[Data]:
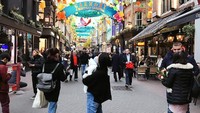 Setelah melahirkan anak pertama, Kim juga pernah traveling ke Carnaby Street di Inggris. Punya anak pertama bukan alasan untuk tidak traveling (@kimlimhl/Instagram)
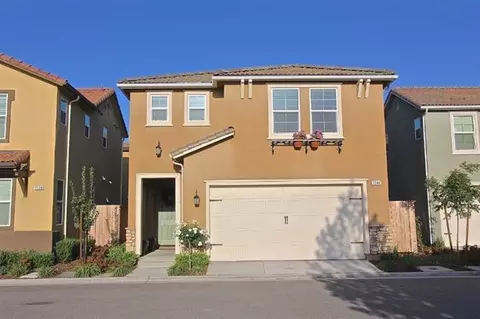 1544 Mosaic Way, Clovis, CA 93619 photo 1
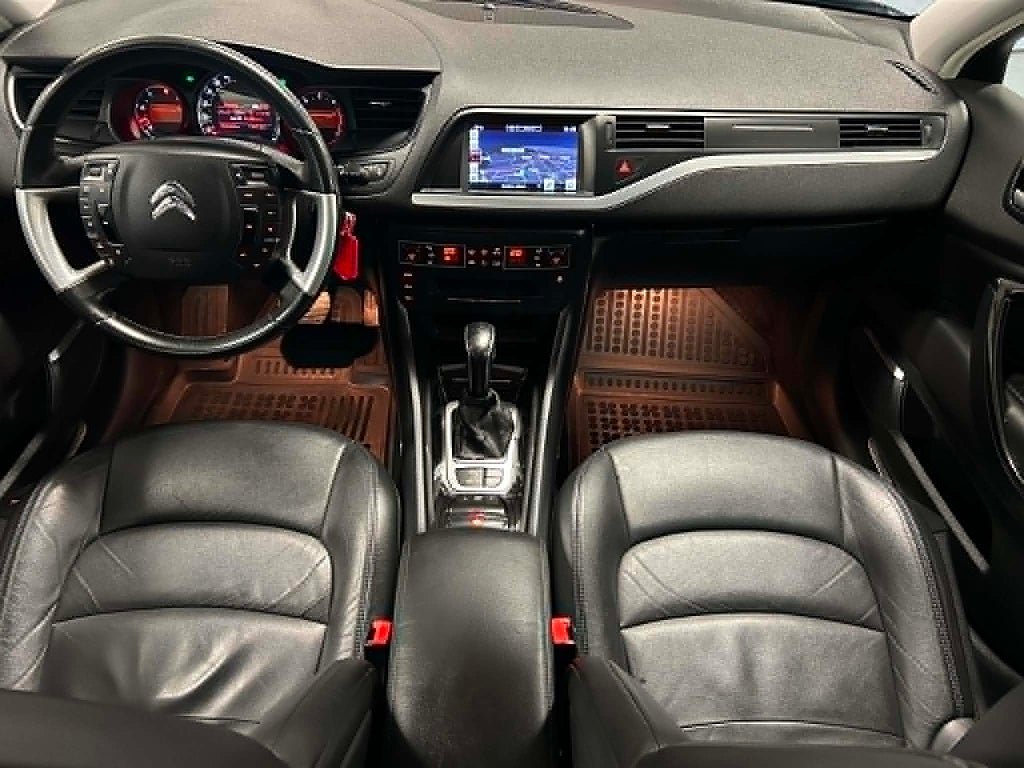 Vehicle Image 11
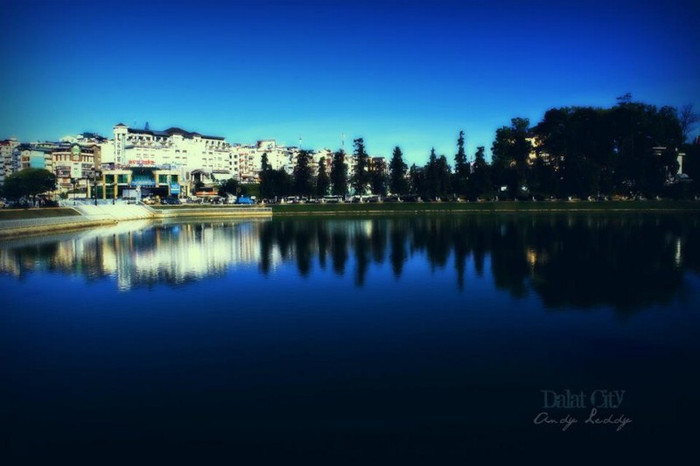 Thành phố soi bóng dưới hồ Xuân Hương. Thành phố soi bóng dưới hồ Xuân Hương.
--
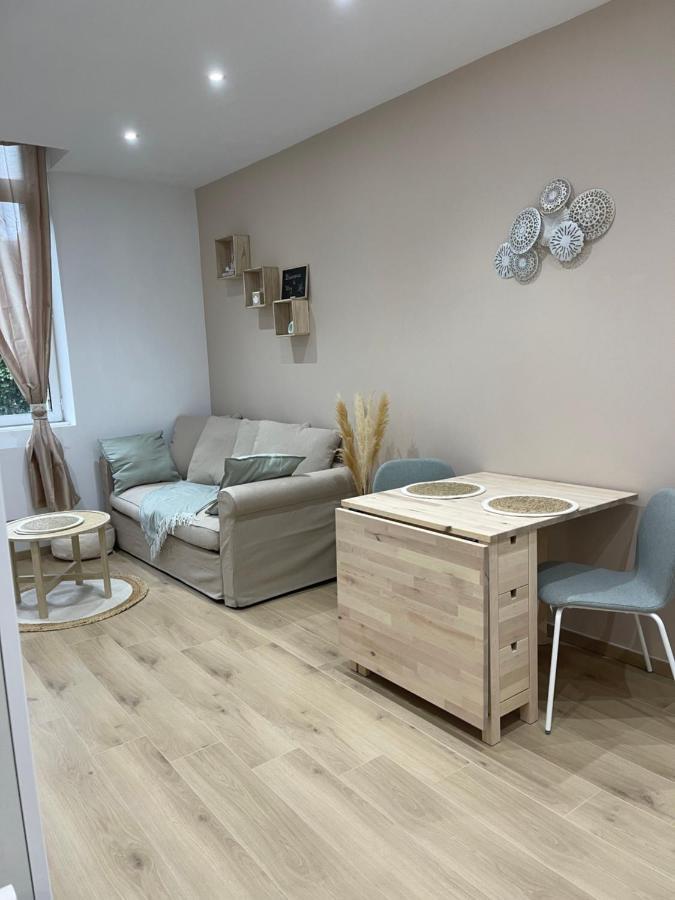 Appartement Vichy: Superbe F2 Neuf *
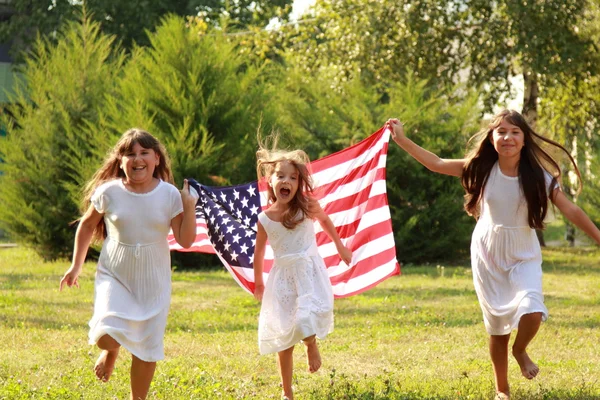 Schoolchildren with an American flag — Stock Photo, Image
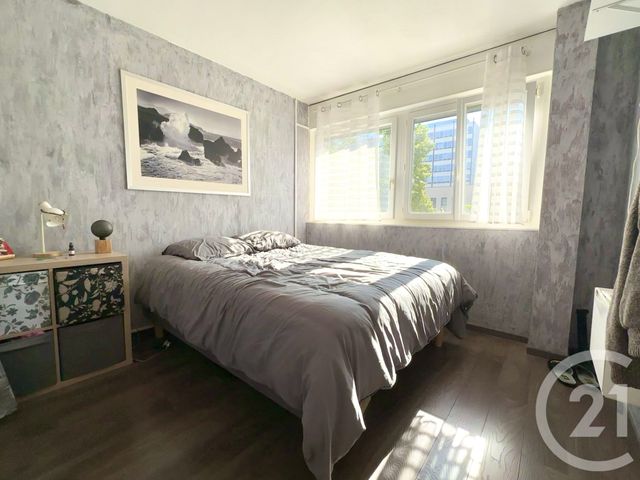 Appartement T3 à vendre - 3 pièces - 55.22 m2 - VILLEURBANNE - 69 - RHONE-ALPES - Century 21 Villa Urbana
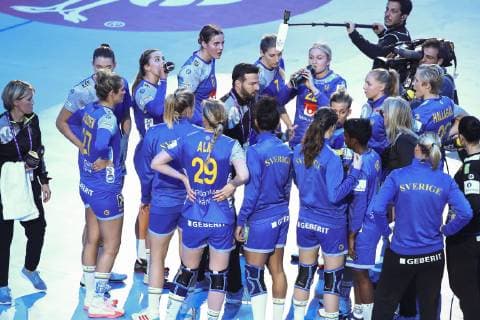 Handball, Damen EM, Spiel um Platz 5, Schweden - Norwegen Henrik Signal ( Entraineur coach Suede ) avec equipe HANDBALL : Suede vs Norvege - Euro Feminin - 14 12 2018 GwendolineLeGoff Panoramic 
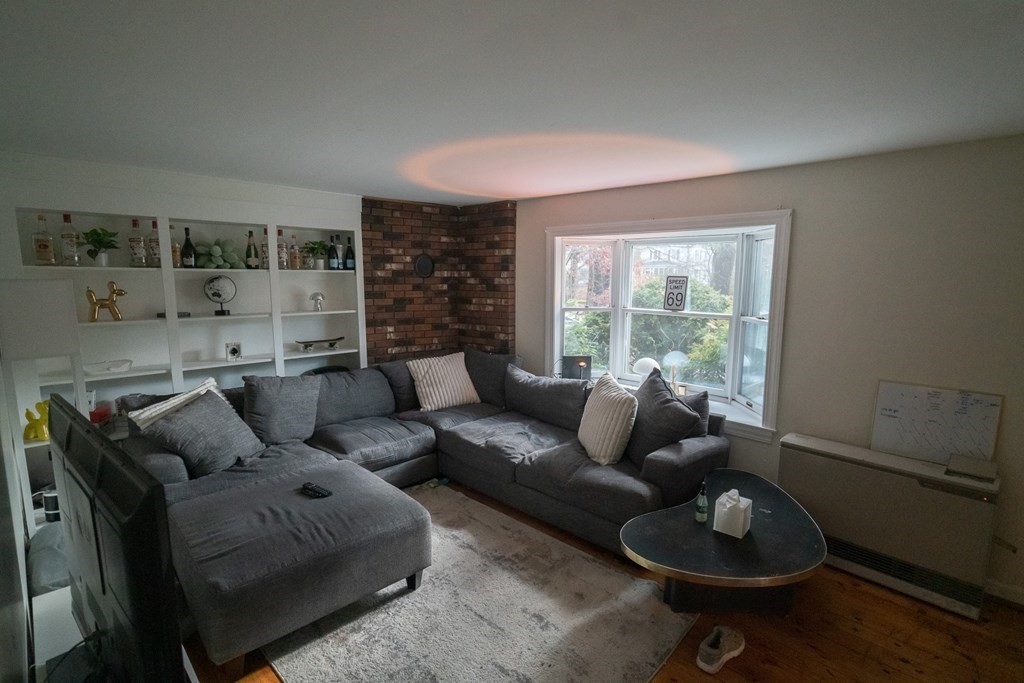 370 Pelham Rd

[Work item]:
Your answer should be the lines above, word for word, from the line with "Appartement T3 à" through the line with "370 Pelham Rd", minus the pictures.

[Answer to this problem]:
 Appartement T3 à vendre - 3 pièces - 55.22 m2 - VILLEURBANNE - 69 - RHONE-ALPES - Century 21 Villa Urbana
 Handball, Damen EM, Spiel um Platz 5, Schweden - Norwegen Henrik Signal ( Entraineur coach Suede ) avec equipe HANDBALL : Suede vs Norvege - Euro Feminin - 14 12 2018 GwendolineLeGoff Panoramic 
 370 Pelham Rd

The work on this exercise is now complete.